--- Data excerpt Enclosed Below ---

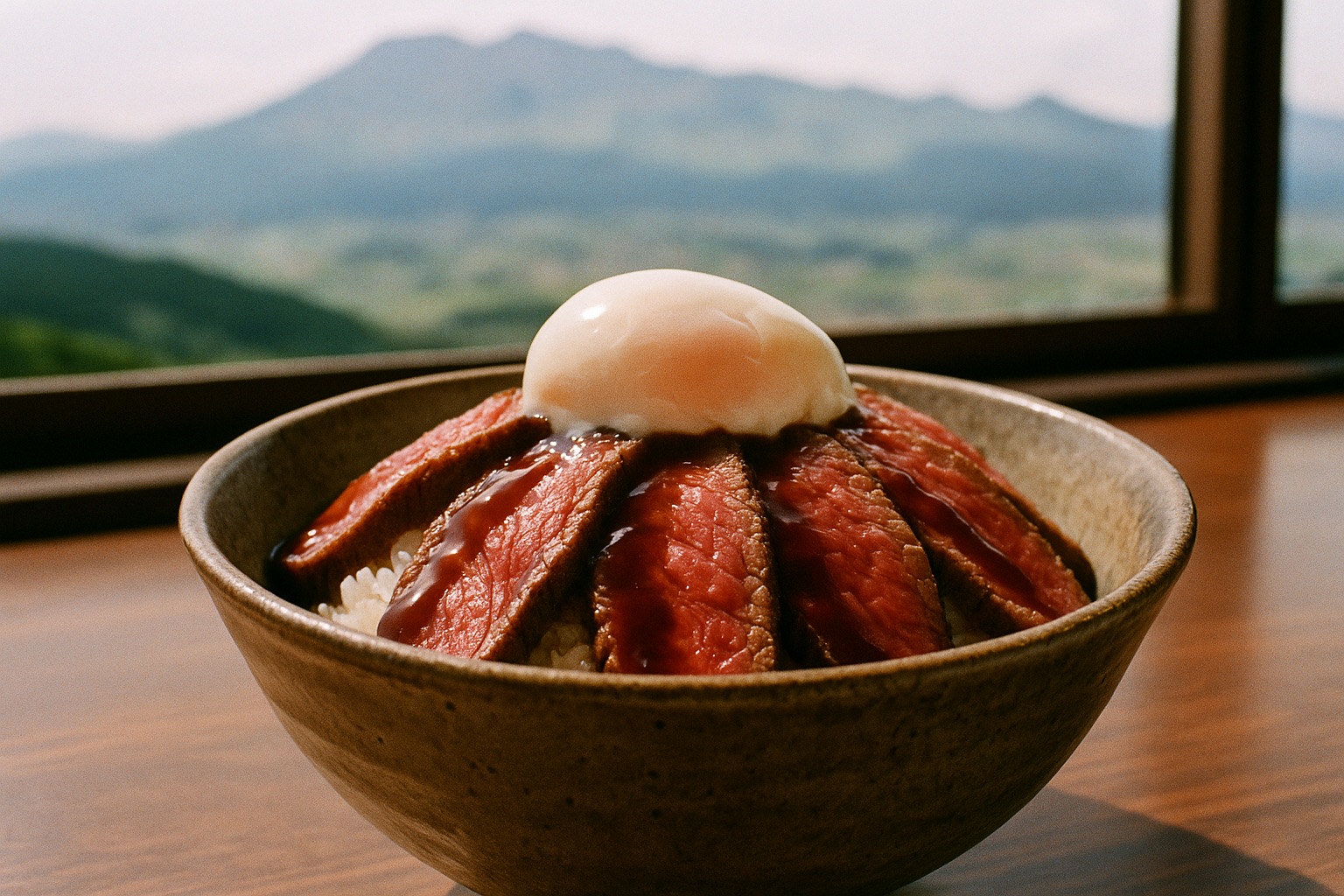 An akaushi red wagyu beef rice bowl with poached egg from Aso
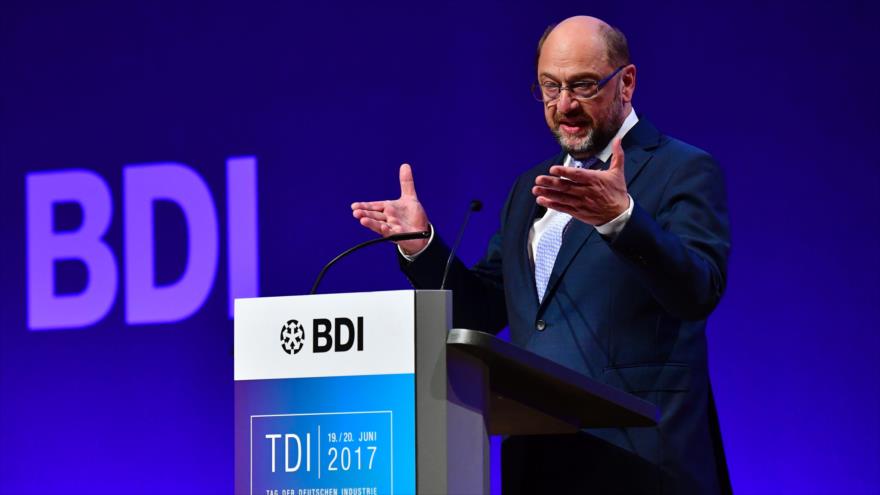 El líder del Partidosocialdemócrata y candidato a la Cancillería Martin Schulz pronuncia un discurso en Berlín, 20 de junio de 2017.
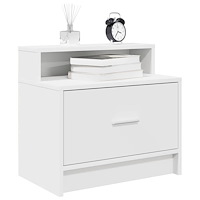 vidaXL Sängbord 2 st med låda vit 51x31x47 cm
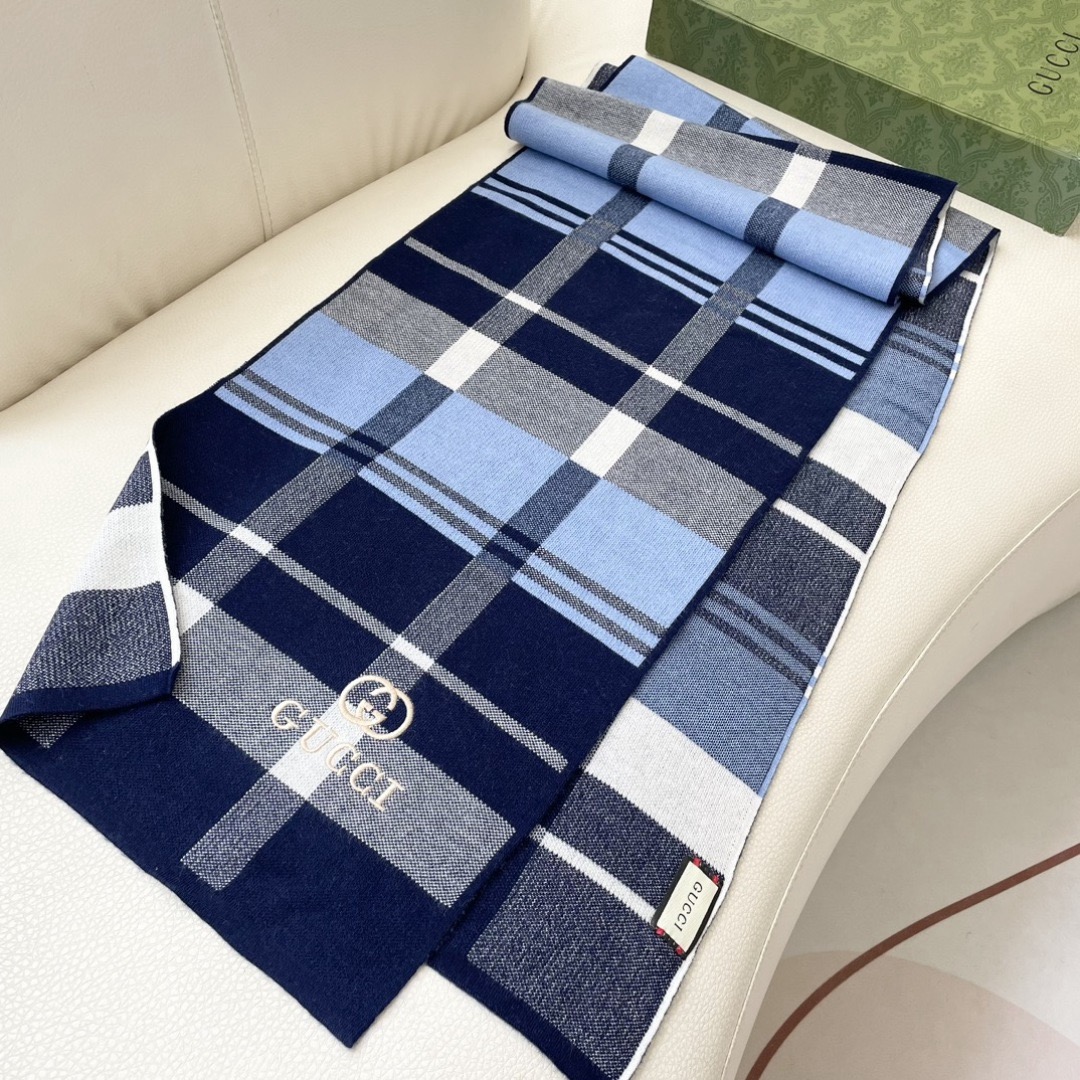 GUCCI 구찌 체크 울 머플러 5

--- End of Enclosed Data excerpt ---

**Your assignment**
Print every line above exactly as given, but not the pictures.

**Written response**
 An akaushi red wagyu beef rice bowl with poached egg from Aso
 El líder del Partidosocialdemócrata y candidato a la Cancillería Martin Schulz pronuncia un discurso en Berlín, 20 de junio de 2017.
 vidaXL Sängbord 2 st med låda vit 51x31x47 cm
 GUCCI 구찌 체크 울 머플러 5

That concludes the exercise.